The exchange rate for accounting for arising taxes (import tax, import VAT, environmental protection tax…) is the exchange rate on the customs declaration.

For example :

fdiinvietnam.com imports a shipment worth 20,000 USD. fdiinvietnam.com makes all payment transactions to the supplier via Vietinbank.

➜ Case 1: fdiinvietnam.com pays the entire amount of goods in advance to the supplier

  • On December 1, 2021, fdiinvietnam.com paid the full amount of 20,000 USD. The selling rate of USD of Vietinbank on December 1, 2021 was 23,000 VND/USD;

Debit account 331: 20,000 x 23,000

There is account 112: 20,000 x 23,000

  • On December 15, 2021, the goods arrived at Cat Lai port. The value of the goods will be recorded according to the exchange rate on the date of prepayment, not using the exchange rate on the customs declaration to record the value of the goods.

Debit account 156: 20,000 x 23,000

Credit account 331: 20,000 x 23,000

➜ Case 2: Pay the entire amount of goods to the supplier later

  • On December 15, 2021, the goods arrived at Cat Lai port. The selling rate of USD of Vietinbank on December 15, 2021 was 23,500 VND/USD;

Debit account 156: 20,000 x 23,500

With account 331: 20,000 x 23,500

  • On December 20, 2021, fdiinvietnam.com made full payment of the shipment value to the supplier. The selling rate of USD of Vietinbank on December 20, 2021 was 23,200 VND/USD.

Debit account 331: 20,000 x 23,500

Credit account 112: 20,000 x 23,200

Credit account 515: 20,000 x (23,500 – 23,200)

➜ Case 3: Pay a part of the value in advance, the rest is paid after receiving the goods

  • On December 1, 2021, fdiinvietnam.com paid in advance 6,000 USD (30% of the order value) to the supplier. Vietinbank’s selling rate on December 15, 2021 was 23,000 VND/USD;

Debit account 331: 6,000 x 23,000

With account 112: 6,000 x 23,000

  • On December 15, 2021, the goods arrived at Cat Lai port. The selling rate of USD of Vietinbank on December 15, 2021 was 23,500 VND/USD;

Nợ TK 156: (6,000 x 23,000) + (14,000 x 23,500)

Credit account 331: (6,000 x 23,000) + (14,000 x 23,500)

  • On December 20, 2021, fdiinvietnam.com paid the remaining debt of 14,000 USD to the supplier. The selling rate of USD of Vietinbank on December 20, 2021 was 23,200 VND/USD.

Debit account 331: 14,000 x 23,500

With account 112: 14,000 x 23,200

Credit account 515: 14,000 x (23,500 – 23,200)

VIII. Some frequently asked questions about import tax

1. What is the date the goods arrive at the border gate for customs declaration?

The date of arrival of goods at the port is the date of arrival of the ship on the notice of arrival of the ship at the port.


2. Where to register import declaration?

Imported goods are declared at the Customs Branch of the port of destination where the goods are shipped or at the Customs Branch where the enterprise is headquartered.
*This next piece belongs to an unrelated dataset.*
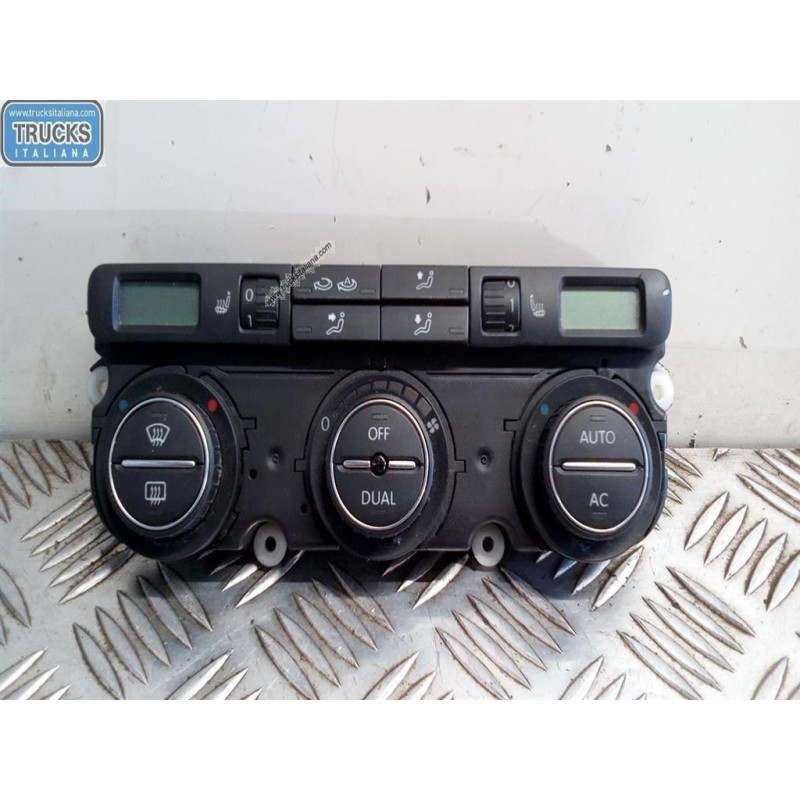 VOLKSWAGEN AC CONTROL UNIT VOLKSWAGEN Passat 2005>2010 used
For example, if your company is in Saigon and you import goods to deliver to Hai Phong port, you can choose to register a customs declaration at the Customs Department of one of the two locations: Saigon or Hai Phong.


3. How to know if the company owes import tax?

You can look up information on customs debt on the website of the General Department of Customs.


4. What taxes are imposed on imported goods?

In addition to import tax and import VAT, there are a number of other taxes that can be levied on imported goods in certain cases such as special consumption tax, environmental protection tax, anti-subsidy tax, self-defense tax or anti-dumping tax.